Legionella and Legionnaires disease
What is legionella?
Legionellosis is a collective term for diseases caused by legionella bacteria including the most serious, Legionnaires’ disease. Legionnaires’ disease is a potentially fatal form of pneumonia and everyone is susceptible to infection. The risk increases with age but there are some people who are at a higher risk including:
- People aged 45 and over
- Heavy drinkers and smokers
- People suffering with chronic respiratory or kidney disease
- People suffering with diabetes, lung and heart disease
- Anyone with an impaired immune system
Where does it come from?
Legionella bacteria is widespread in natural water sources such as rivers, lakes and reservoirs. It is very rare the conditions are right for people to catch the disease from these sources. Outbreaks of the illness occur from exposure to legionella growing in purpose-built systems where water is maintained at a temperature high enough to encourage growth. Examples include cooling towers, evaporative condensers, hot and cold water systems and spa pools.
How do people get it?
Legionella is contracted by inhaling small droplets of water, suspended in the air, which contains the bacteria. There is an increased risk of legionella in your water system under certain conditions, i.e. if:
- the water has a temperature between 20 and 45 degrees Celsius
- breathable water droplets can be created and dispersed, e.g. aerosol created by cooling tower, or water outlets
- it stores and/or re-circulates water
- the water is likely to contain a source of nutrients for the organisms to grow, e.g sludge, rust, scale, organic matter and biofilms.
There are also a number of other potential risk systems that can pose a risk of exposure to legionella, e.g. air washers, emergency showers, humidifiers, indoor ornamental fountains, etc.

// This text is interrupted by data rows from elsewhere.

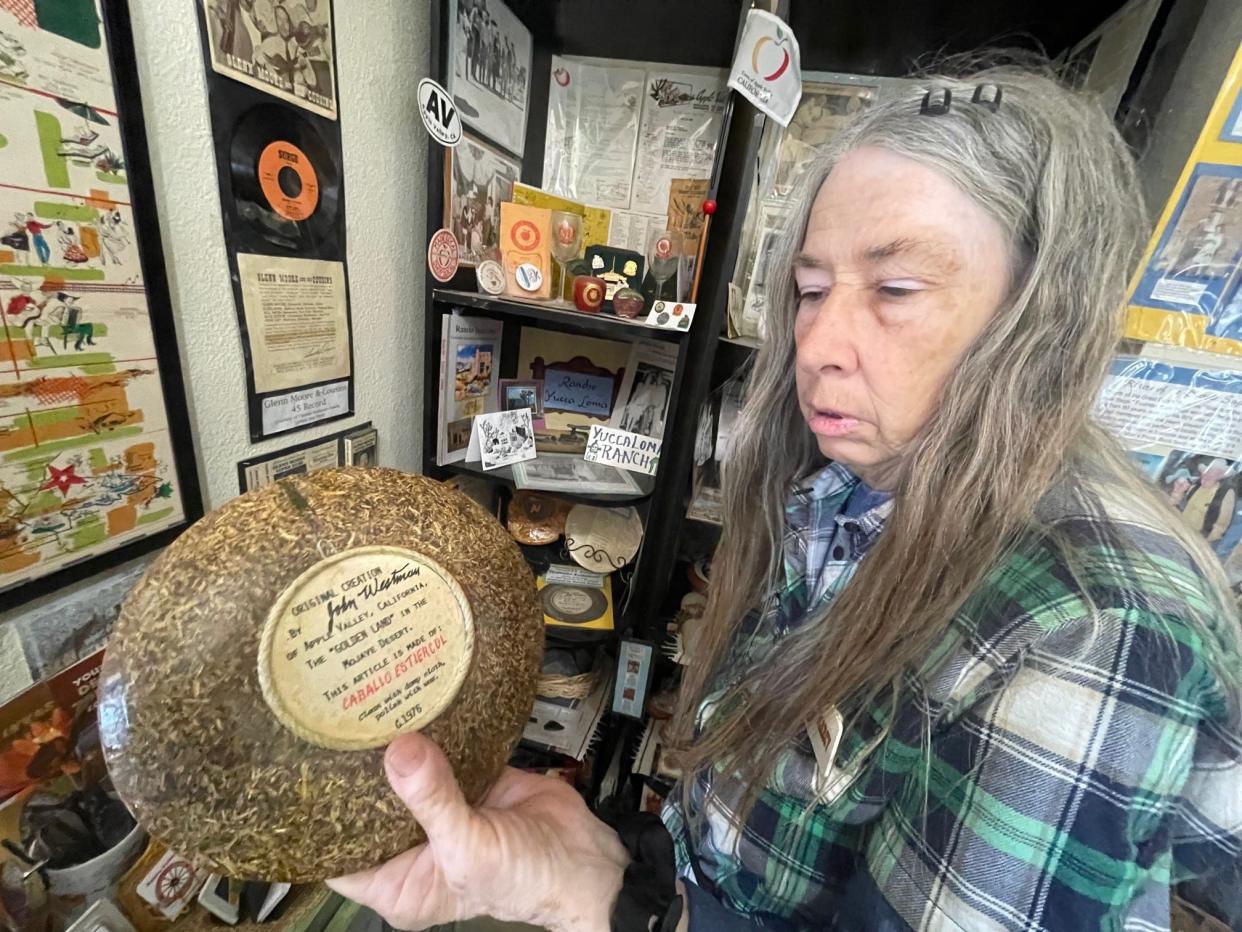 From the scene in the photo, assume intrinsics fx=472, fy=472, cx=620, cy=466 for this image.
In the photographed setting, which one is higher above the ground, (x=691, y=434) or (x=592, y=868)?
(x=691, y=434)

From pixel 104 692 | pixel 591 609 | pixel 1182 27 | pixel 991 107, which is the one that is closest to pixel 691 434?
pixel 591 609

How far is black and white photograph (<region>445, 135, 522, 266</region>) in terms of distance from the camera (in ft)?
3.13

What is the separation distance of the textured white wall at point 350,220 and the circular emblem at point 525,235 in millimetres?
208

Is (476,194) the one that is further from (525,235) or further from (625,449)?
(625,449)

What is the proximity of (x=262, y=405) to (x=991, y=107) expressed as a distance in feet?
3.45

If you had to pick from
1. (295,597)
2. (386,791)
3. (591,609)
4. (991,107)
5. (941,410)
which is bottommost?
(591,609)

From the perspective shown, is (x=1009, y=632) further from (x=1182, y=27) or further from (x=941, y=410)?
(x=1182, y=27)

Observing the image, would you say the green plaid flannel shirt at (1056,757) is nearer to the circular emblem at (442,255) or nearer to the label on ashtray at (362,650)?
the label on ashtray at (362,650)

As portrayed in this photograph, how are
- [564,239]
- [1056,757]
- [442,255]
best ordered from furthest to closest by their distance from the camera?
1. [564,239]
2. [442,255]
3. [1056,757]

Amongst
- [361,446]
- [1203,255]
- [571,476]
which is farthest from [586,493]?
[1203,255]

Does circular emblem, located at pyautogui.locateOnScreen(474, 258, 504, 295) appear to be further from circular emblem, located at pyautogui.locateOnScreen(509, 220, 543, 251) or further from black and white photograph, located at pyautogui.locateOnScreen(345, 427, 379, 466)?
black and white photograph, located at pyautogui.locateOnScreen(345, 427, 379, 466)

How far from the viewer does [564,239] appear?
42.5 inches

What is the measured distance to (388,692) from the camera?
42cm

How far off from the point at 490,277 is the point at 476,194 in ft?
0.61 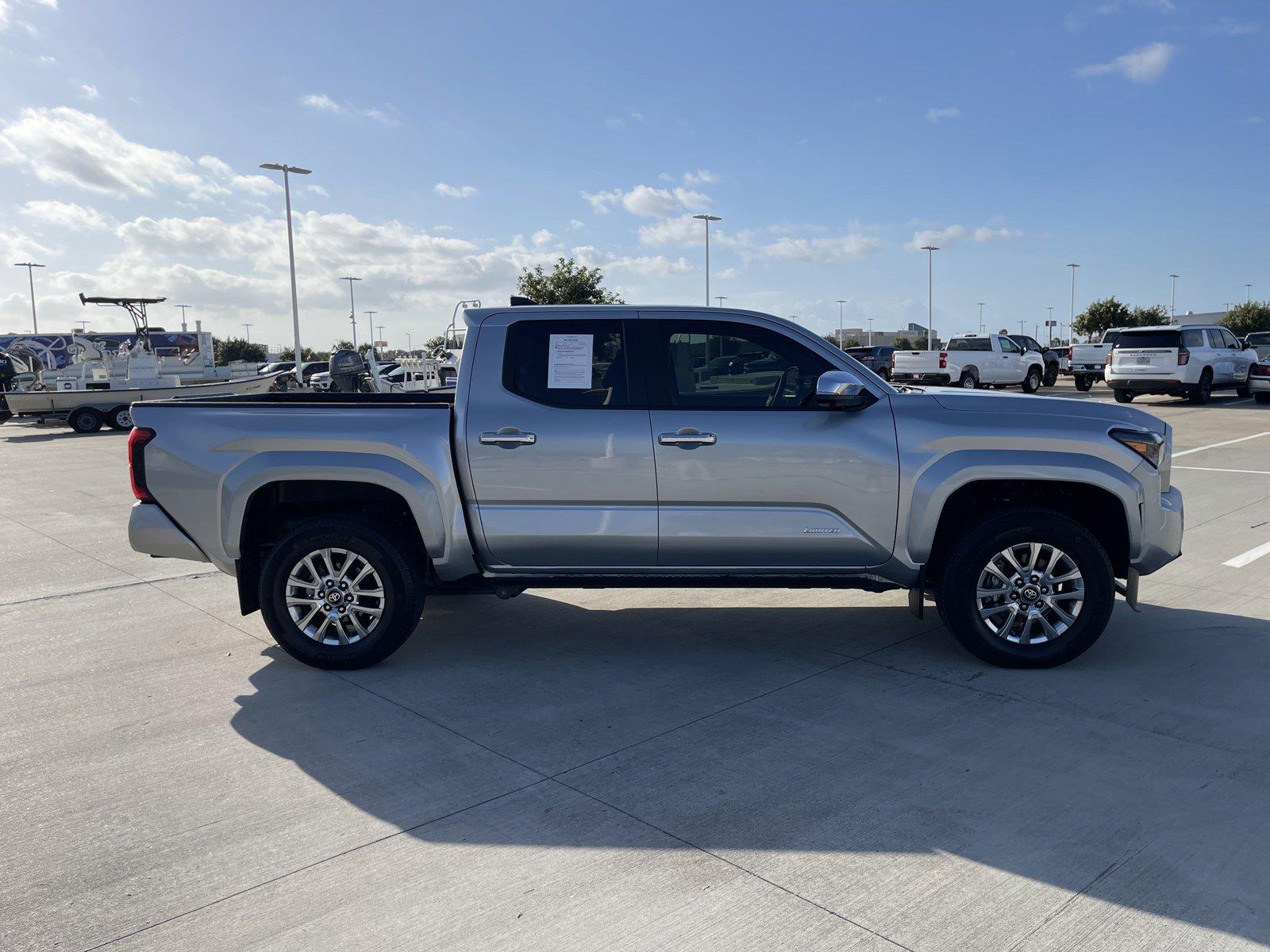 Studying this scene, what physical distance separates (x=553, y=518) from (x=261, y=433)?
5.21 feet

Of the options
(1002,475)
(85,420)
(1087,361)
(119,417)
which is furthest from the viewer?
(1087,361)

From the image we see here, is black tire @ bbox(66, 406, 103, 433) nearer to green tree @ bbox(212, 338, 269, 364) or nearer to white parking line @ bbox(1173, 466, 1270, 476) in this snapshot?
white parking line @ bbox(1173, 466, 1270, 476)

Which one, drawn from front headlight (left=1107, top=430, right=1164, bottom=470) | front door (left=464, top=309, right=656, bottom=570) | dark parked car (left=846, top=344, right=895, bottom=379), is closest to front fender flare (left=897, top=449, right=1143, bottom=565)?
front headlight (left=1107, top=430, right=1164, bottom=470)

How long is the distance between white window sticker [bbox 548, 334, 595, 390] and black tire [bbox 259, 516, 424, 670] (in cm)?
122

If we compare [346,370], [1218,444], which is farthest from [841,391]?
[1218,444]

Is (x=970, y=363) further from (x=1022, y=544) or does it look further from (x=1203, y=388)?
(x=1022, y=544)

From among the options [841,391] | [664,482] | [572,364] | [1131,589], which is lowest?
[1131,589]

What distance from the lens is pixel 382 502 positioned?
5.44 meters

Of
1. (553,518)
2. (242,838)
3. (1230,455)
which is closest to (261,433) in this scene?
(553,518)

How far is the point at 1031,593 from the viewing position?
5.09 m

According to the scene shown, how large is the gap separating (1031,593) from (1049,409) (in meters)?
0.97

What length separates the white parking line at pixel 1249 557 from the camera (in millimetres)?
7387

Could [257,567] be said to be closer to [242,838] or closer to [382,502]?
[382,502]

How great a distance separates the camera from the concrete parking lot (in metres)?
3.01
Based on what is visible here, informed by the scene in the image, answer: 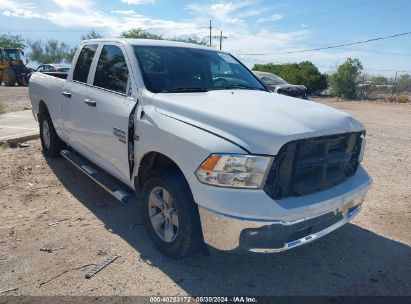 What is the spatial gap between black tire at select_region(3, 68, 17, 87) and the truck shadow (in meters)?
27.8

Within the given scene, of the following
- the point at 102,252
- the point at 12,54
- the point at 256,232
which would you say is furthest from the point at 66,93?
the point at 12,54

Who should be aware of the need to test for legionella?
If you are an employer, landlord or someone in control of a premises, you have a duty to understand and manage legionella risks. All systems require a risk assessment, although not all systems will require control measures. A risk assessment may show that the risk of legionella is low and if managed properly will comply with the law. In such cases, an assessment must be complete. You may not have to take further action but it is important to review the assessment regularly in case anything within the system changes.